Demystifying the Nvidia Ampere Architecture through Microbenchmarking and Instruction-level Analysis

Abstract

Graphics Processing Units (GPUs) are now considered the leading hardware to accelerate general-purpose workloads such as AI, data analytics, and HPC. Over the last decade, researchers have focused on demystifying and evaluating the microarchitecture features of various GPU architectures beyond what vendors reveal. This line of work is necessary to understand the hardware better and build more efficient workloads and applications. Many works have studied the recent Nvidia architectures, such as Volta and Turing, comparing them to their successor, Ampere. However, some microarchitecture features, such as the clock cycles for the different instructions, have not been extensively studied for the Ampere architecture. In this paper, we study the clock cycles per instruction with various data types found in the instruction-set architecture (ISA) of Nvidia GPUs. We measure the clock cycles for PTX ISA instructions and their SASS ISA counterparts using microbench-marks. We further calculate the clock cycles needed to access each memory unit.
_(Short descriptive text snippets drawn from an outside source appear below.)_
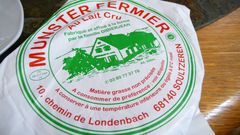 Munsterkäse nach dem Besuch des Eisenbahn-Museums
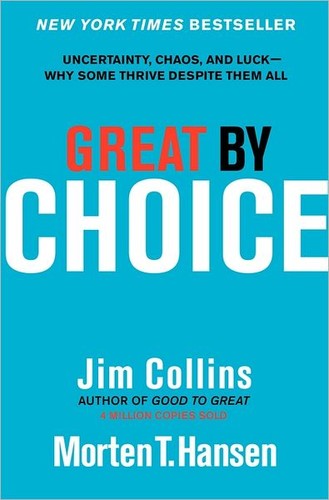 Copertina di Great by choice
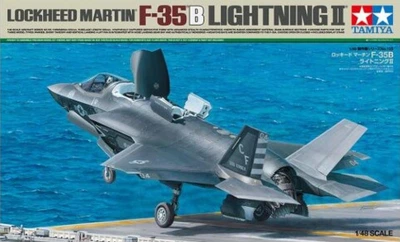 Збірна модель 1/48 Літак Lockheed Martin F-35B Lightning II Tamiya 61125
Moreover, we demystify the new version of the tensor core unit found in the Ampere architecture using the WMMA API and measuring its clock cycles per instruction and throughput for the different data types and input shapes. Our results should guide software developers and hardware architects. Furthermore, the clock cycles per instructions are widely used by performance modeling simulators and tools to model and predict the performance of the hardware.